Effettivamente, si riscontrano chiare incongruenze temporali, dato che gli eventi narrati dovrebbero appartenere al periodo approssimativo tra il 2011 e il 2014. Tuttavia, l’aspetto videoludico che si presenta risulta aggiornato ai giorni nostri, e gli sceneggiatori si sono concessi alcune libertà creative per costruire suspense e dramma, anche dove questi elementi potrebbero non aver avuto originariamente presenza. Ad esempio, possiamo menzionare l’incidente che ha scatenato controversie negli Stati Uniti, il quale ha ricevuto un’interpretazione piuttosto discutibile. Nonostante ciò, l’elemento cruciale è rappresentato dalla fluidità del film, che riesce a mantenere un ritmo scorrevole e coinvolgente nell’arco delle sue due ore e poco più di durata.

La messa in scena

Kazunori Yamauchi, il creatore di Gran Turismo al centro con il microfono e alla sua sinistra Jann Mardenborough, quello vero

Dopo aver considerato l’aspetto narrativo del film, ci concentriamo ora sulla sua messa in scena e, in particolare, sui dettagli che ci hanno convinto o meno riguardo al lavoro di Neill Blomkamp. Iniziamo esaminando il contributo unico del regista.

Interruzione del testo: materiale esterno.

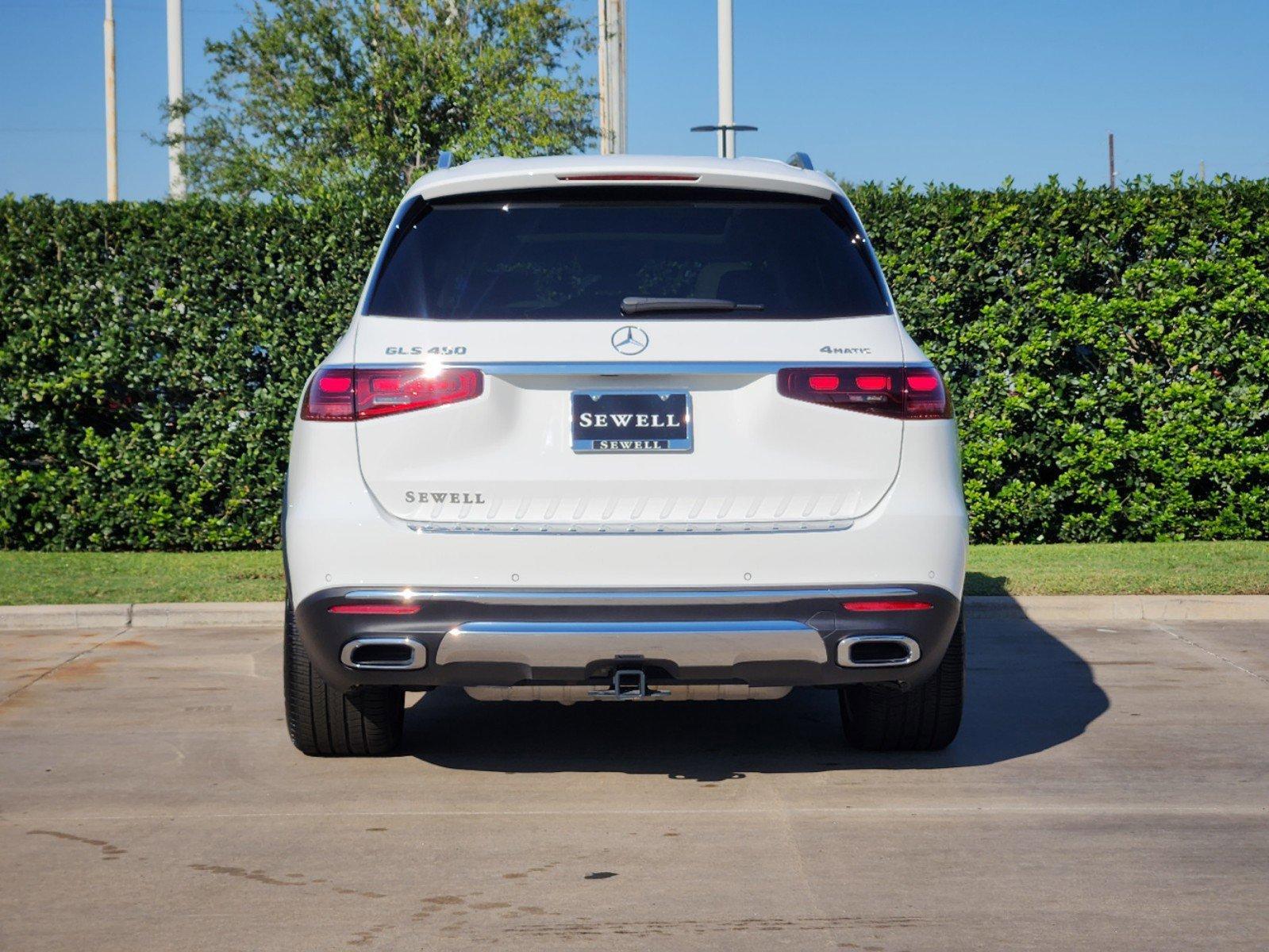 2024 Mercedes-Benz GLS Vehicle Photo in HOUSTON, TX 77079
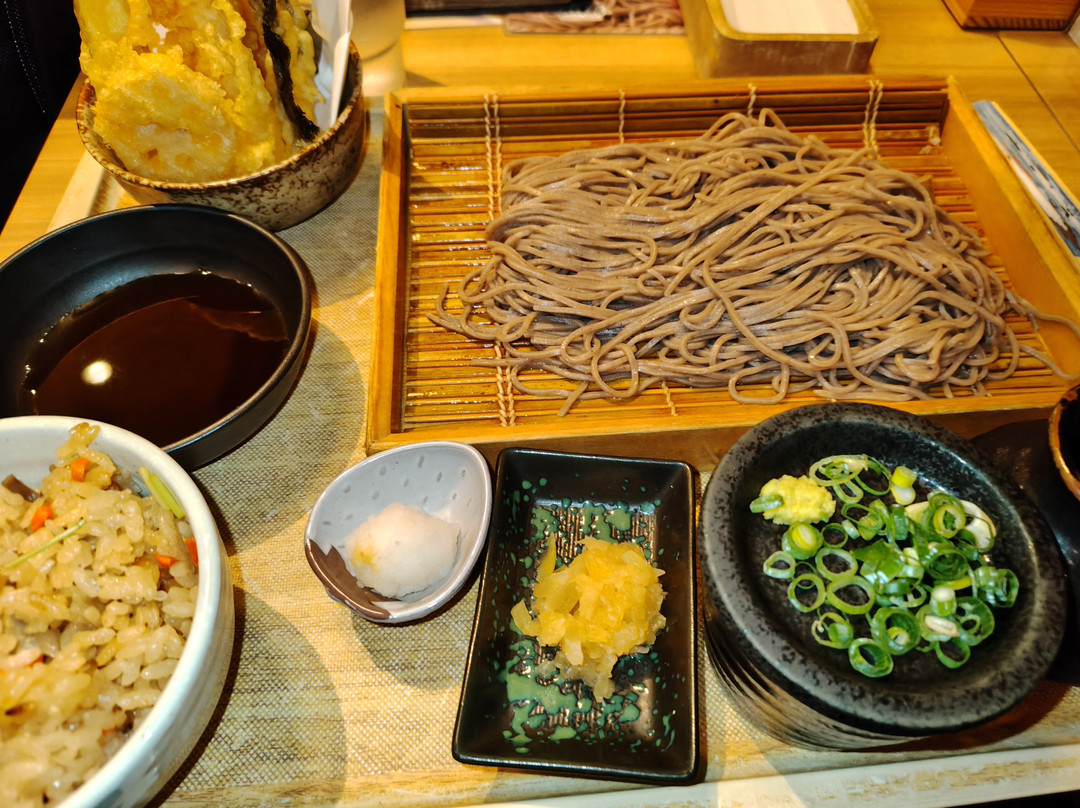 信濃路キーノ和歌山市駅店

Attualmente, tutti conosciamo l’ampia considerazione riservata a Blomkamp come un emergente promettente, un regista talentuoso capace di portare sul grande schermo idee affascinanti con una visione cruda e realistica. Il suo debutto è strettamente connesso a produzioni di fantascienza che senza dubbio hanno lasciato un segno indelebile nei cuori degli appassionati del genere. District 9 è stato un vero e proprio colpo di genio, ma purtroppo tutto ciò che è seguito non è riuscito a raggiungere (nemmeno a eguagliare) l’eccezionalità di quel film. Nel complesso, Blomkamp ha costantemente mantenuto il legame con le sue radici, offrendo diverse interpretazioni di futuri sia prossimi che meno immediati, con sfumature più o meno distopiche, arrivando addirittura a Gran Turismo. Nonostante non abbia costruito la sua carriera attorno a veicoli e motori, non ha esitato ad affrontare questo progetto, almeno apparentemente fuori dal suo campo d’azione abituale.

Archie Madekwe è molto credibile ed empatico nei panni di Jann Mardenborough

E per questa ragione, ciò che si svela sullo schermo assume un’aura ancor più sorprendente. Le sequenze di guida e alcune delle scene in pista si rivelano particolarmente ben curate, con ralenti che catturano l’attenzione senza invadere, un abile utilizzo di droni e dolly, primi piani suggestivi sui piloti e un intero insieme di elementi che ci si aspetta da un film sul mondo delle corse, a parte un paio di momenti leggermente confusi in cui l’azione in pista non è del tutto chiara.

Tuttavia, al contempo, poiché questo non è un film d’azione iperrealistico come la serie Fast & Furious, né si spinge nell’eccesso di uno stile alla 007 o Mission Impossible, il risultato è un’esperienza che tende a uniformarsi verso uno standard medio, senza scintille di originalità. Blomkamp dimostra di saper mostrare ciò che è necessario, ma non lascia un’impronta personale o un tratto distintivo. Questo fatto, onestamente, suscita una certa delusione, soprattutto considerando la sua carriera pregressa e le aspettative che si erano create per il suo futuro professionale.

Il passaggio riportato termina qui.